(Short text fragments from websites)
§

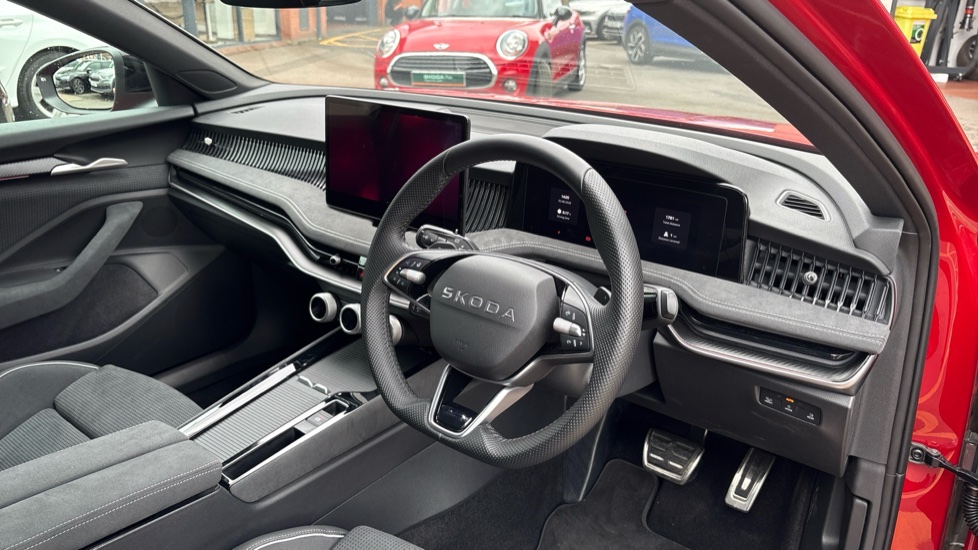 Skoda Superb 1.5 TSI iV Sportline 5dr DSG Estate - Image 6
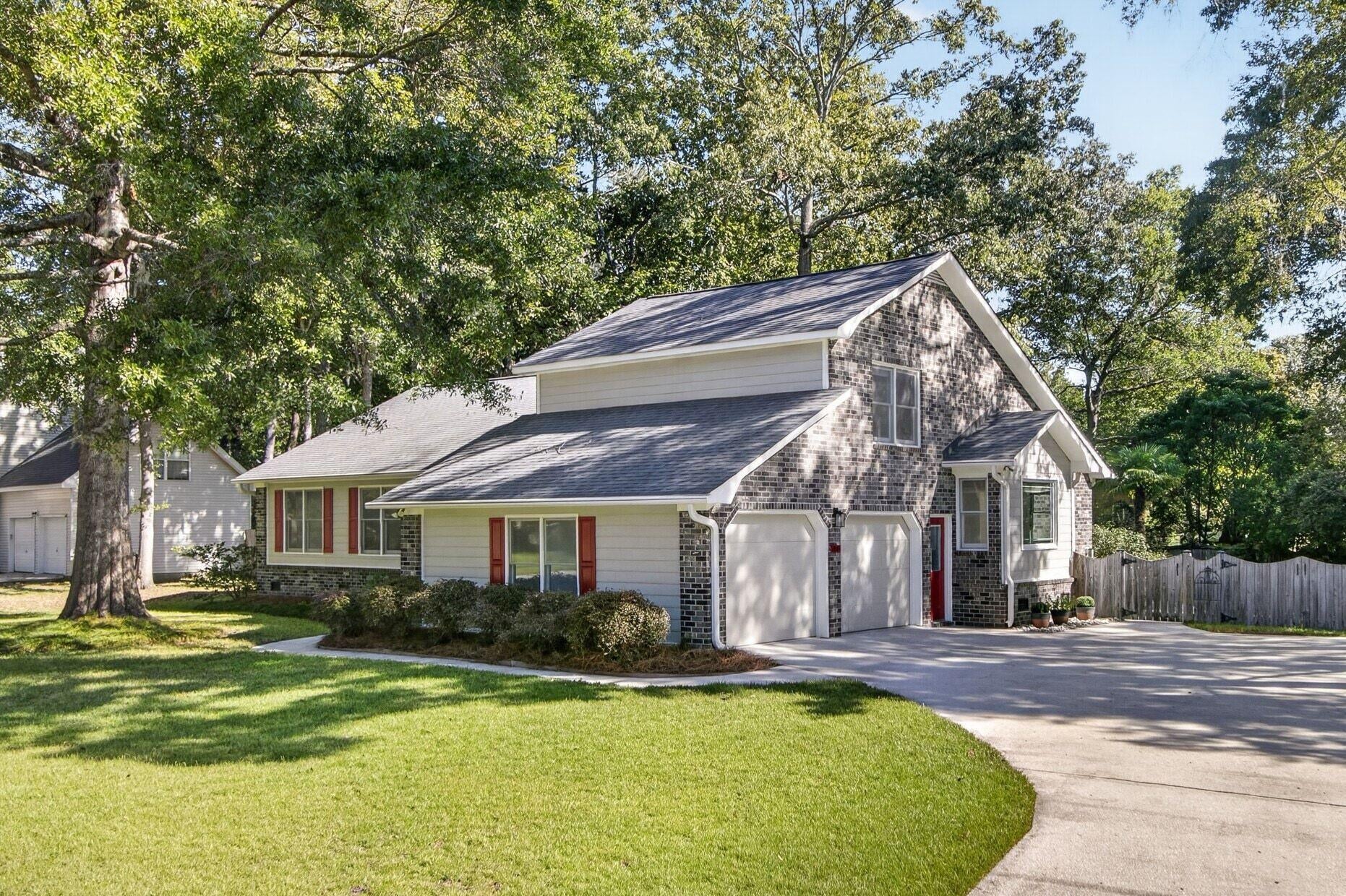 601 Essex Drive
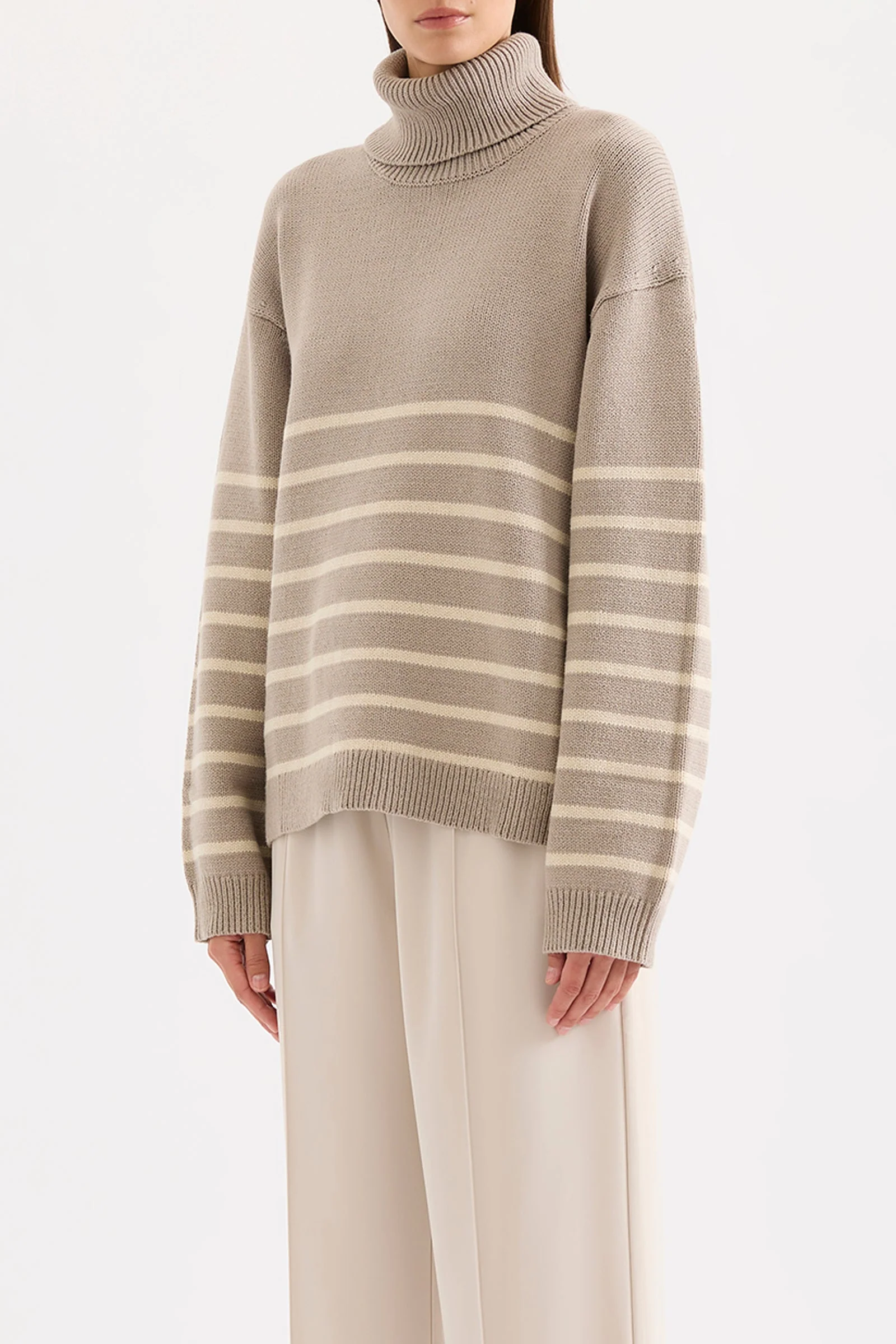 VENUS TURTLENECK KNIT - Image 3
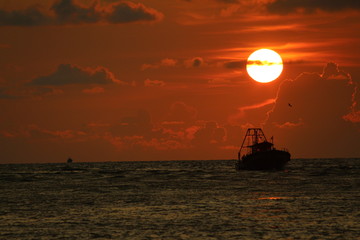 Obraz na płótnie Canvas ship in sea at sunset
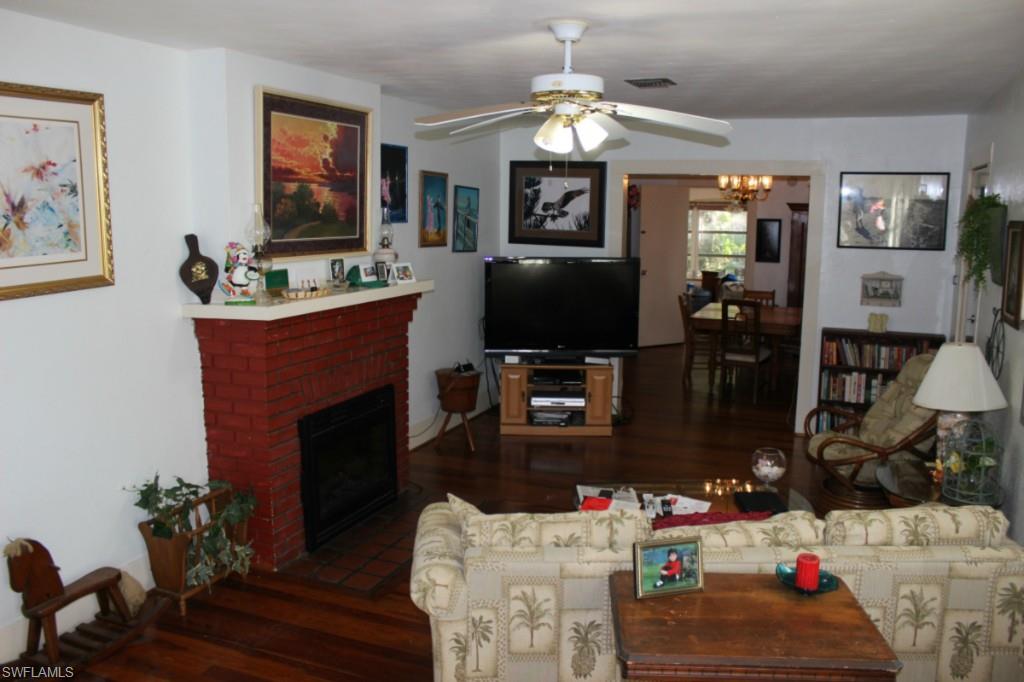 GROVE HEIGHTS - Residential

§

I need the lines from the one containing "Obraz na płótnie" through the end of the records retyped exactly, with the pictures left out.

 Obraz na płótnie Canvas ship in sea at sunset
 GROVE HEIGHTS - Residential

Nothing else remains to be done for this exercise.